Un peu de temps passé depuis le vote populaire sur la sortie de la Grande-Bretagne de l'Union Européenne permet d'y voir un peu plus clair sur les raisons de ce vote, mais pas vraiment sur ses conséquences. Sinon qu'il n'y aura pas de nouveau vote pour éventuellement annuler celui d'il y a deux mois : ainsi a a décidé la nouvelle cheffe du gouvernement, Theresa May, qui s'opposait au Brexit mais a déclaré qu'il fallait en assumer les conséquences : "Brexit signifie Brexit", et pas sortie à moitié et maintien à moitié : vous avez voulu sortir, nous sortirons. Quand, comment, à quel prix ? Nul n'en sait rien : ni ceux qui voulaient sortir, ni ceux qui voulaient rester, ni l'Union Européenne elle-même. Alors, après le Brexit, quoi ?  "Il faut arrêter de pleurer" plaide Daniel Cohn-Bendit, qui considère qu'il faut utiliser l'opportunité du départ du Royaume-Uni pour relancer la construction européenne sur des bases démocratiques, avec un contenu et des ambitions plus larges que celui d'un marché et celle de son extension. Bel enjeu, car l'UE telle qu'elle est n'est pas défendable (d'où le vote "europhobe" d'une partie importante des classes populaires), mais elle ne prend pas le chemin de sa réforme : 27 gouvernements, dont chacun dispose d'un droit de veto, vont négocier entre eux et avec le Royaume-Uni les modalités du Brexit. Le résultat de ces négociations sera forcément un compromis, plus ou moins solide ou boîteux, mais faisant l'impasse sur les questions de fond. On va donc assister à une gigantesque distribution de rustines pour boucher les trous de la construction européenne, sur fond de montée des populismes europhobes.

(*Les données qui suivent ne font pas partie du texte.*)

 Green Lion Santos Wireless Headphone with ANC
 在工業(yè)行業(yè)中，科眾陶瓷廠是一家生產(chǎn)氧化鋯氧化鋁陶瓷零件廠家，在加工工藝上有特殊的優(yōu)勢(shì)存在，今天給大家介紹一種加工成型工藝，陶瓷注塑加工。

L'affrontement très suisse des comptables et des agitateurs

La victoire du "Brexit" n'a pas été celle d'une critique de gauche de l'Union Européenne, mais bien celle d'une campagne xénophobe et raciste : On n'était pas en Grèce en 2015, Farage et Johnson ne sont pas Tsipras et Varoufakis et ce n'est pas au cri de "construisons une autre Europe" que la députée travailliste Joe Cox a été assassinée, mais au cri de "La Grande-Bretagne d'abord". Quelle Grande-Bretagne ? Tout de même, la marmelade souverainiste, europhobe et xénophobe des partisans du Brexit n'a convaincu qu'une grosse moitié de l'électorat actif du Royaume-Uni, contre les deux tiers des Ecossais, presque autant des Londoniens, une claire majorité des Nord-irlandais (dont, forcément, des unionistes...), 46.4 % des Anglais, une majorité écrasante des électrices et des électeurs issus de l'immigration africaine et asiatique et les trois quarts des jeunes (75 % des électrices et des électeurs de moins de 25 ans ont voté pour rester dans l'Union Européenne, mais l'abstention fut massive dans cette classe d'âge, et 61 % des électrices et des électeurs de plus de 65 ans ont voté pour la quitter, mais cette classe d'âge a massivement  voté).

Alors que la campagne des partisans du maintien dans l'Union se focalisait sur les conséquences économiques d'une rupture, celle des partisans du Brexit était, sur fonds de discours nationalistes, souverainistes et identitaires, dominée par le thème de l'immigration, du moins jusqu'à l'assassinat, par un homme criant "Britain First", de la députée travailliste Jo Cox, partisane du maintien dans l'Union Européenne, .Pendant des mois, les partisans de la sortie de l'UE ont affirmé que le Royaume-Uni ne pouvait pas contrôler ses frontières en restant dans l'Union, l'UKIP a produit une affiche montrant une colonne de réfugiés syriens avec comme slogan "Breaking Point" (point de rupture), "Leave On" a évoqué la "quantité de crimes commis par des criminels étrangers" et la "surpopulation du Royaume Uni, qui pèse sur le système de santé"...
On avait ainsi d'un côté des comptables qui voulaient rester en Europe parce que ça coûterait trop cher d'en partir, et de l'autre côté des agitateurs qui prônaient d'en partir pour des motifs, ou des prétextes, aussi étrangers que possible à la réalité des rapports entre la Grande-Bretagne et l'Union Européenne. Ce genre de campagne peut surprendre quand elle se déroule en Grande-Bretagne ? En Suisse, en tout cas, on y est habitués.
Finalement, malgré notre réputation de lenteur pathologique, on arrive tout de même à être des précurseurs.